Sounds like a PSST story.
Holtz-Eakin’s piece is on a new conservative web site called Opportunity Lives. I like the look of the site, and almost every link on the front page tempts me to click. However, I was a bit disappointed that some of those links took me to teasers that linked to columns published elsewhere. If you are going to tease-and-link, then do so in a blog-like manner, without making me waste a click on my way to the actual article. See Arts and Letters Daily.
Meanwhile, the IGM forum recently reaffirmed that the economists on their panel think that the fiscal stimulus was just the cat’s meow.
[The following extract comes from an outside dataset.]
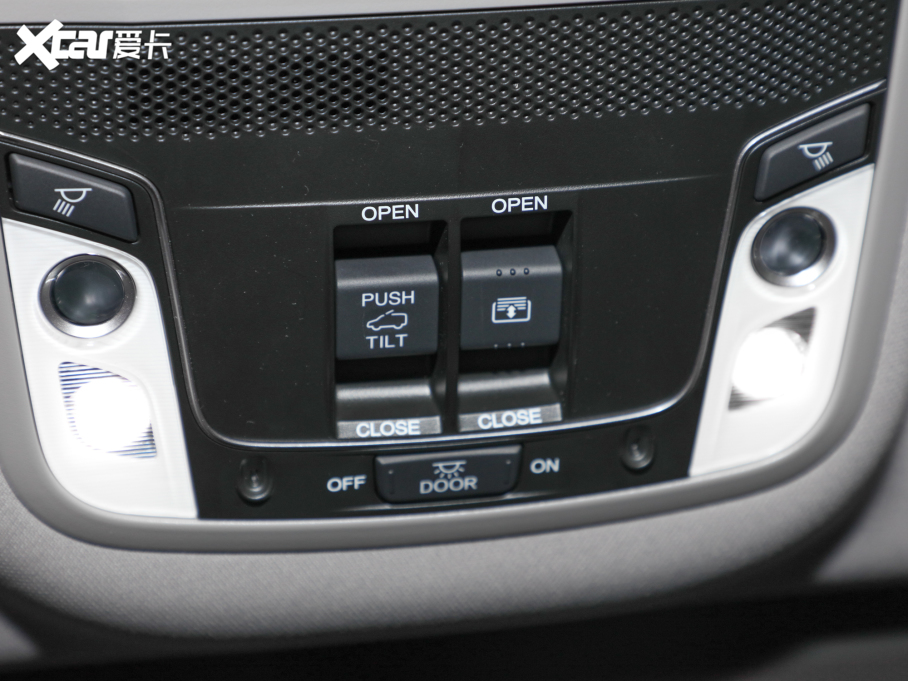 2021Ӱ 240TURBO քӃ򌾫Ӣ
I am no economist, I am an entrepreneur, and it looks like all these academics that are keynesians now don’t acknowledge what seems obvious: policies that are targeted to “increase resource utilization”, at a macro level, if they succeed at all, are actually rewarding vested interests in capital (existing plants, etc), and/or labor (people have no incentive to check and possibly invest time increasing/changing their skills). It is not that the data does not fits their prescriptions, quite to the contrary, it does! And there should be no surprise there … But, is the role of the economic system “maximize resource utilization” ? Or is it meet customers demands and wants ??